### Data to process
────────────────────
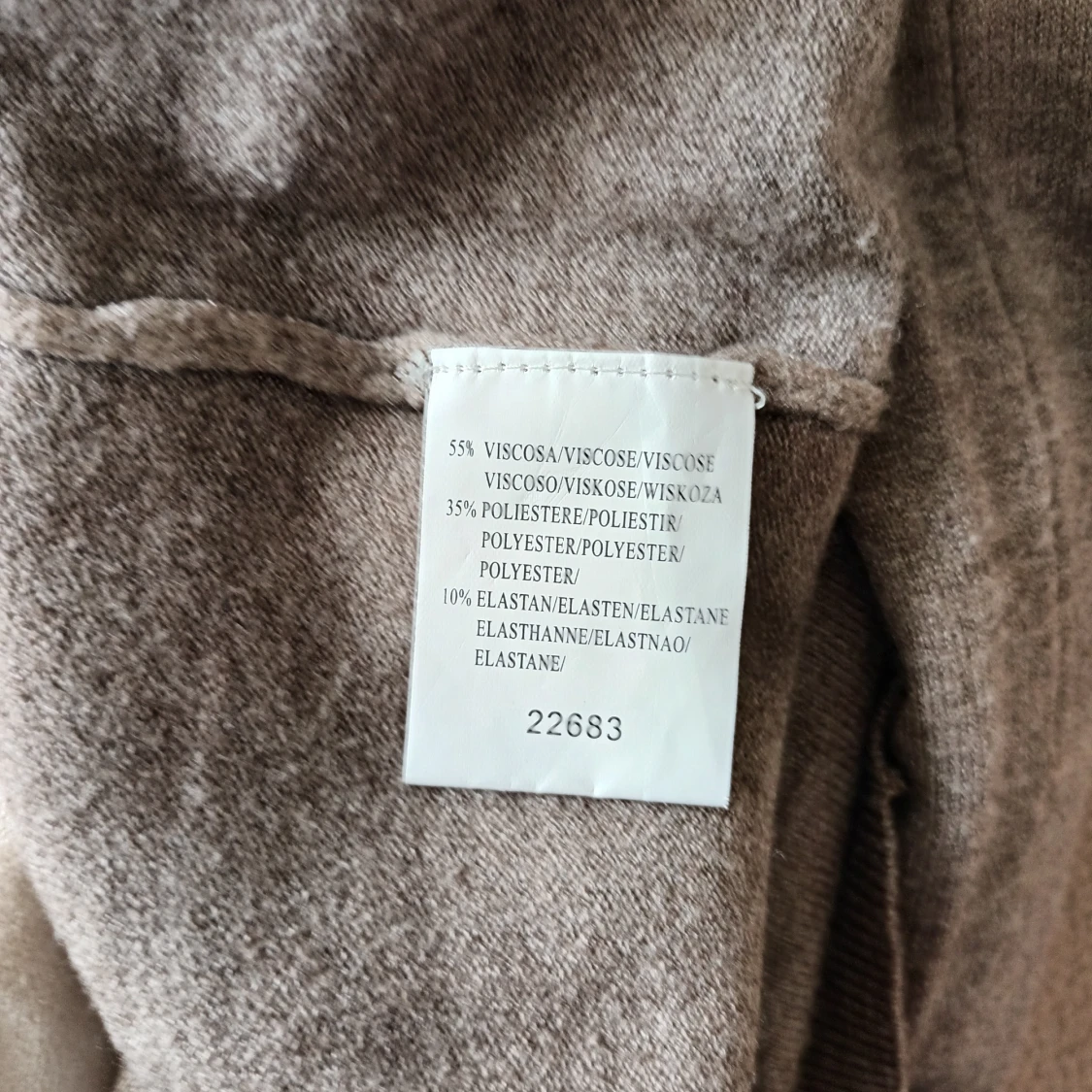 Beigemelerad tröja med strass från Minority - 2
────────────────────
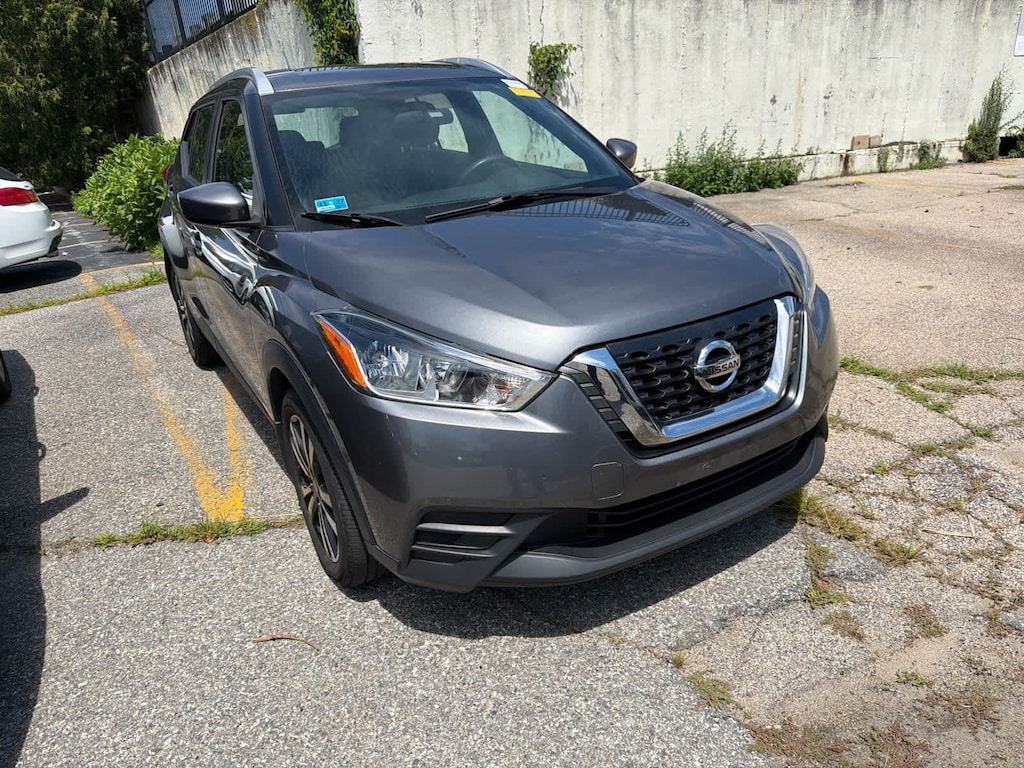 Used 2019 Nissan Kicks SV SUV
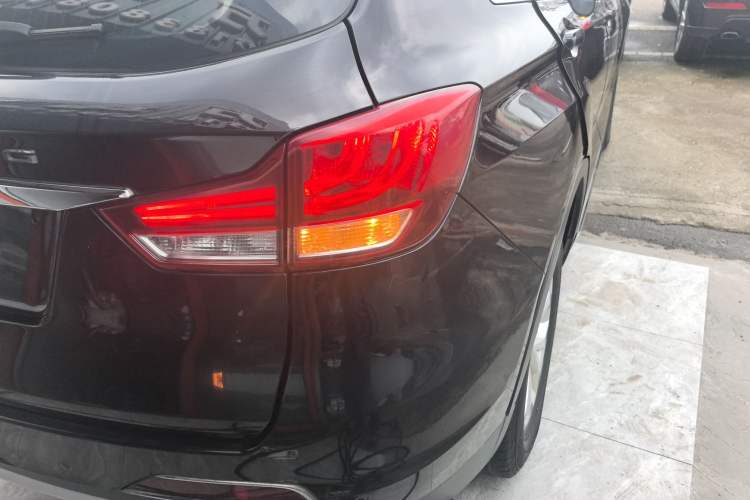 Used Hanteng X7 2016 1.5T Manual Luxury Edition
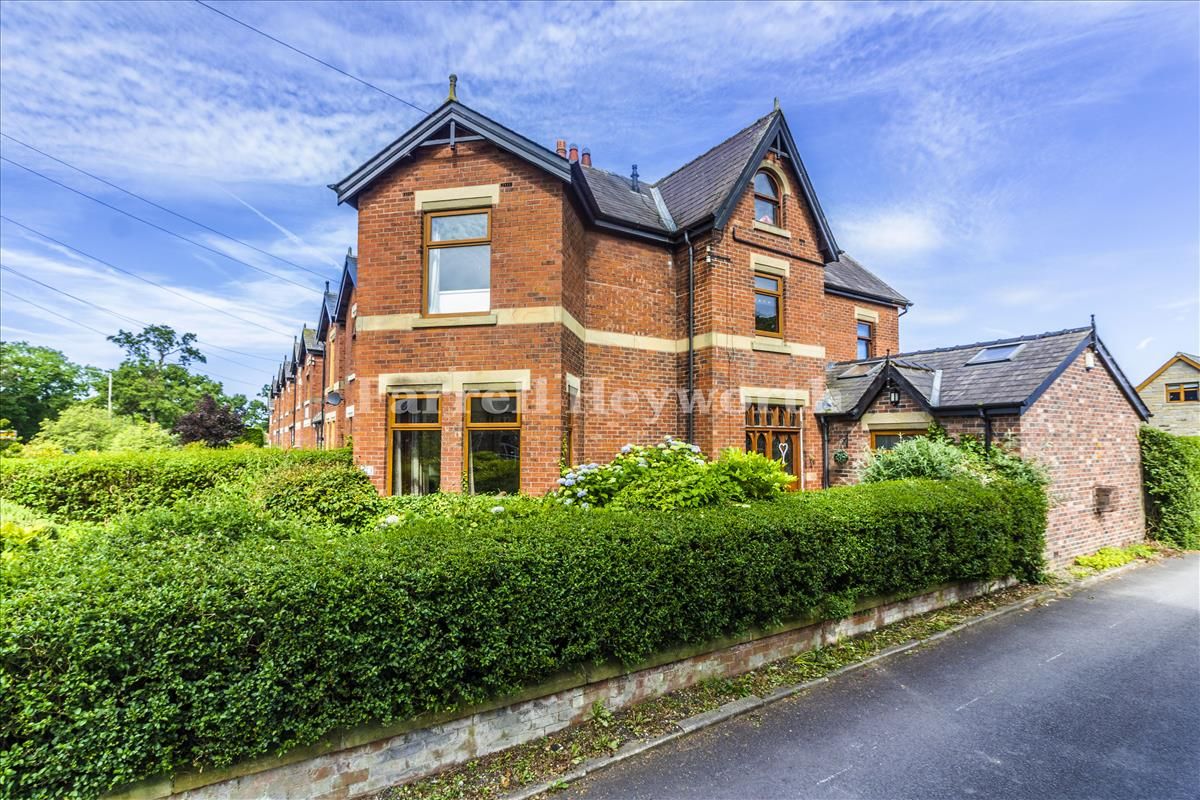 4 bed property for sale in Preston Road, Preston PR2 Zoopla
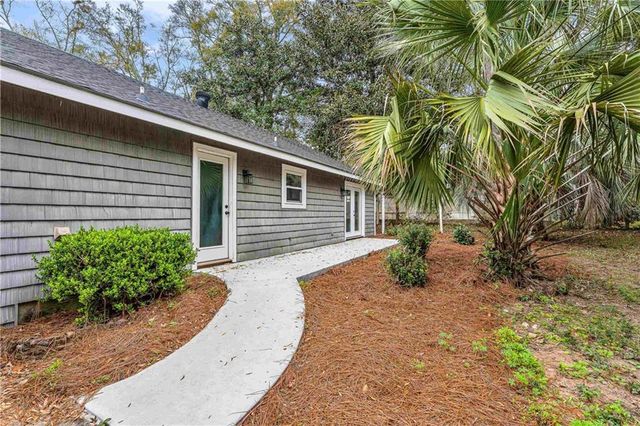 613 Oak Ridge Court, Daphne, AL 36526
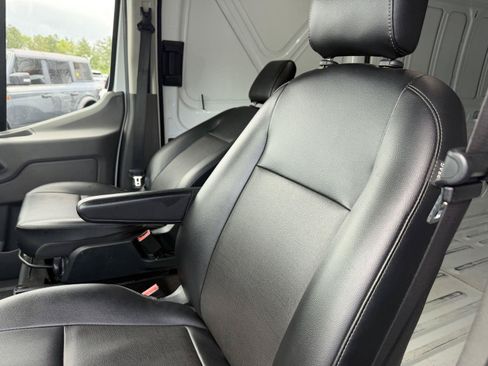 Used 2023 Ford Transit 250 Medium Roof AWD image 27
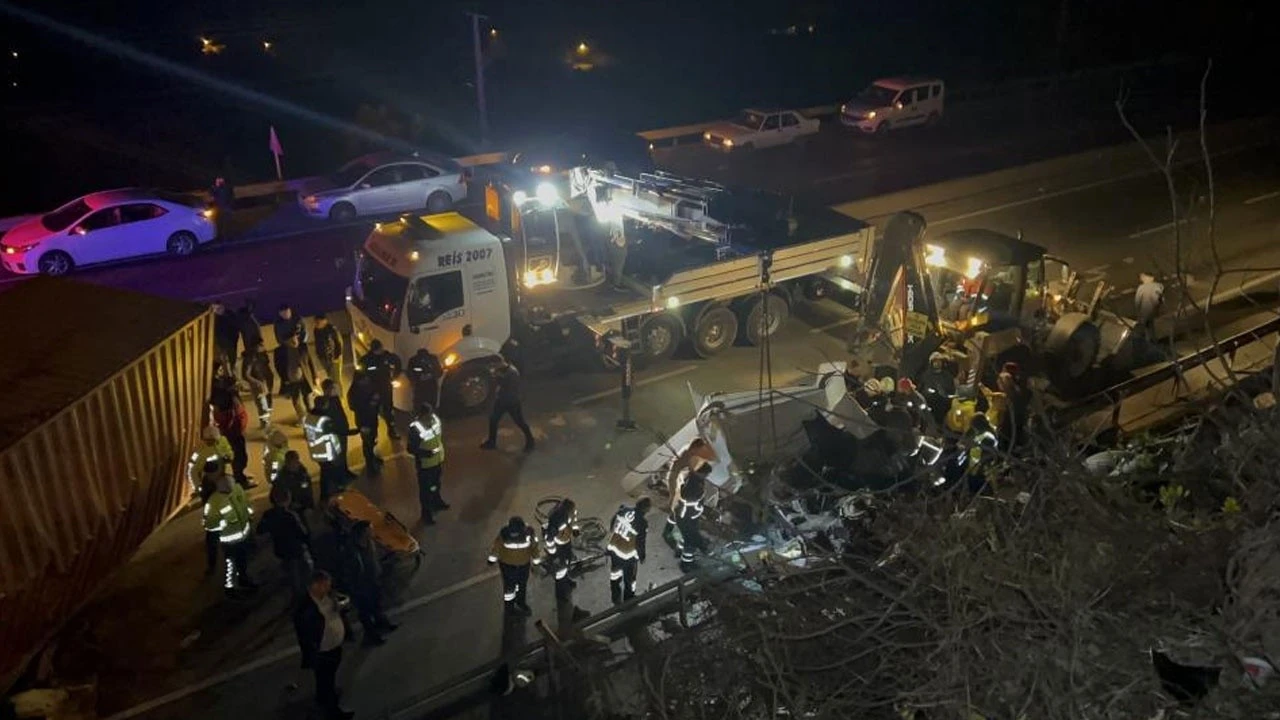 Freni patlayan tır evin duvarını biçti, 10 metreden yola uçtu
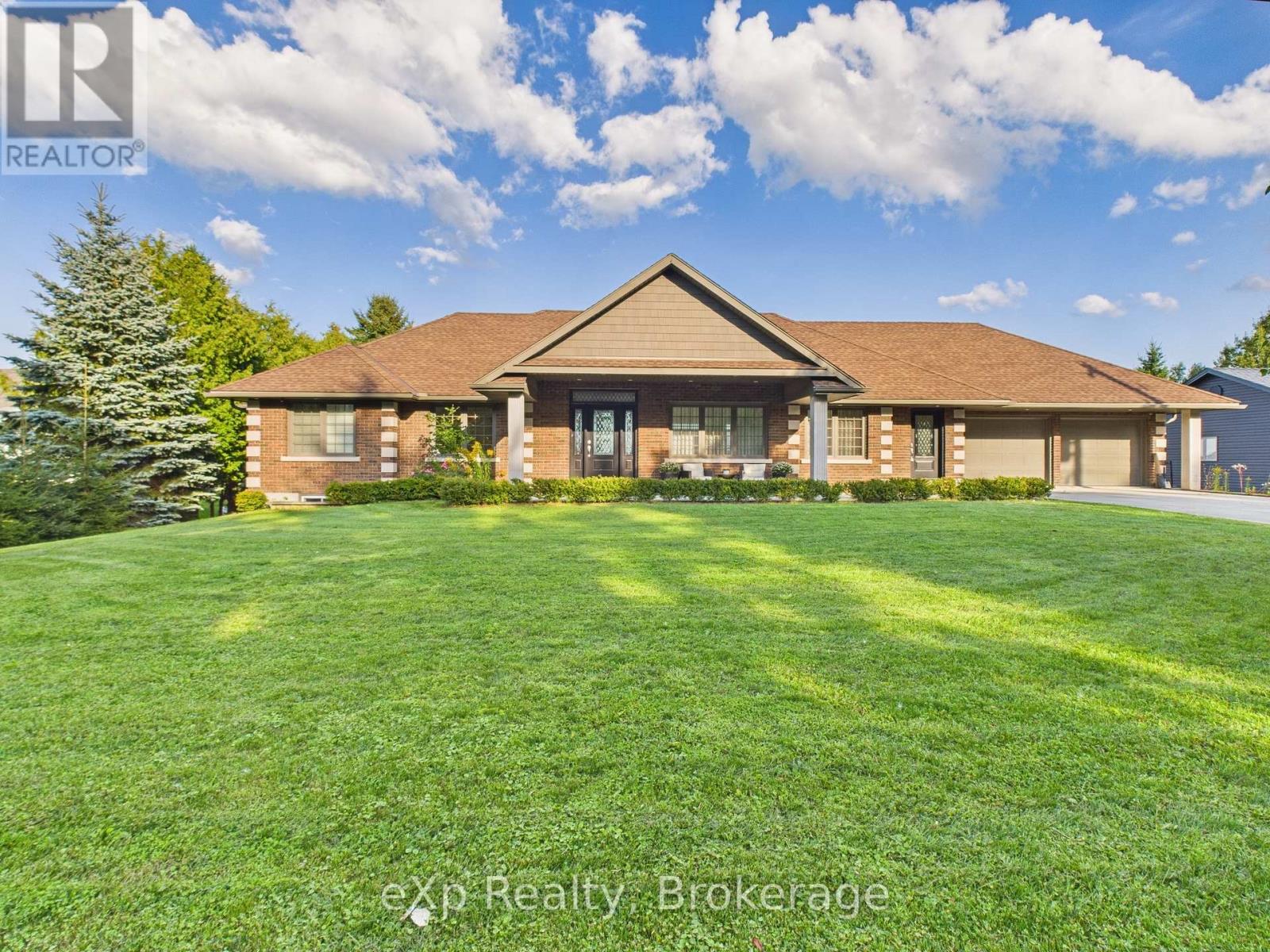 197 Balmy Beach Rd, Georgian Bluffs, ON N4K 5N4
────────────────────
### What to work on
Copy only the lines above from the one containing "Used 2023 Ford" through the one containing "197 Balmy Beach", both included. Leave out the pictures.

### Solution
 Used 2023 Ford Transit 250 Medium Roof AWD image 27
 Freni patlayan tır evin duvarını biçti, 10 metreden yola uçtu
 197 Balmy Beach Rd, Georgian Bluffs, ON N4K 5N4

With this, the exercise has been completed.